Source information:
........
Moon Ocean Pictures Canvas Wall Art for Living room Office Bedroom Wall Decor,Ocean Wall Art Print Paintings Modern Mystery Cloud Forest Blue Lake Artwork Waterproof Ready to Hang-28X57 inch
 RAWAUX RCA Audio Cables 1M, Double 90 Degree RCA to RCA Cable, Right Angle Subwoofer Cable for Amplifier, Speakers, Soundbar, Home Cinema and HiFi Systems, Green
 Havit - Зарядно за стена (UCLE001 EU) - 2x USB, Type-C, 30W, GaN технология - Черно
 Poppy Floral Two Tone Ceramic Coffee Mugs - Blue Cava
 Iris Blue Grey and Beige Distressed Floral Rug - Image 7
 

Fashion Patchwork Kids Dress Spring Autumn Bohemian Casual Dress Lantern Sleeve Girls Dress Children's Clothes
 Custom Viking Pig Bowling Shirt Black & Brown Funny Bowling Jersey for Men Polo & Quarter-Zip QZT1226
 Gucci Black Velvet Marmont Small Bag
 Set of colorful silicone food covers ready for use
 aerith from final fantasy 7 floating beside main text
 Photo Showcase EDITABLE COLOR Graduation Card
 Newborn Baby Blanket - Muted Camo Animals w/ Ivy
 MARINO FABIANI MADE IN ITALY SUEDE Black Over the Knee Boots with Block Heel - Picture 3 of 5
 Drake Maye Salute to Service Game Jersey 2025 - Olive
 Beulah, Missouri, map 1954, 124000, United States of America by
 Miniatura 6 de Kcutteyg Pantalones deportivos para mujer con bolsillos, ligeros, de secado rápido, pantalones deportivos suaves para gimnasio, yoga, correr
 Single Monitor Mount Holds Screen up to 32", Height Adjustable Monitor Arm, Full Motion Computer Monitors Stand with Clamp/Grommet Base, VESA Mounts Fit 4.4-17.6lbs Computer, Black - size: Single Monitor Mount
........
Assignment: Once more and in full, please write out the listing above exactly.

Finished task:
Moon Ocean Pictures Canvas Wall Art for Living room Office Bedroom Wall Decor,Ocean Wall Art Print Paintings Modern Mystery Cloud Forest Blue Lake Artwork Waterproof Ready to Hang-28X57 inch
 RAWAUX RCA Audio Cables 1M, Double 90 Degree RCA to RCA Cable, Right Angle Subwoofer Cable for Amplifier, Speakers, Soundbar, Home Cinema and HiFi Systems, Green
 Havit - Зарядно за стена (UCLE001 EU) - 2x USB, Type-C, 30W, GaN технология - Черно
 Poppy Floral Two Tone Ceramic Coffee Mugs - Blue Cava
 Iris Blue Grey and Beige Distressed Floral Rug - Image 7
 

Fashion Patchwork Kids Dress Spring Autumn Bohemian Casual Dress Lantern Sleeve Girls Dress Children's Clothes
 Custom Viking Pig Bowling Shirt Black & Brown Funny Bowling Jersey for Men Polo & Quarter-Zip QZT1226
 Gucci Black Velvet Marmont Small Bag
 Set of colorful silicone food covers ready for use
 aerith from final fantasy 7 floating beside main text
 Photo Showcase EDITABLE COLOR Graduation Card
 Newborn Baby Blanket - Muted Camo Animals w/ Ivy
 MARINO FABIANI MADE IN ITALY SUEDE Black Over the Knee Boots with Block Heel - Picture 3 of 5
 Drake Maye Salute to Service Game Jersey 2025 - Olive
 Beulah, Missouri, map 1954, 124000, United States of America by
 Miniatura 6 de Kcutteyg Pantalones deportivos para mujer con bolsillos, ligeros, de secado rápido, pantalones deportivos suaves para gimnasio, yoga, correr
 Single Monitor Mount Holds Screen up to 32", Height Adjustable Monitor Arm, Full Motion Computer Monitors Stand with Clamp/Grommet Base, VESA Mounts Fit 4.4-17.6lbs Computer, Black - size: Single Monitor Mount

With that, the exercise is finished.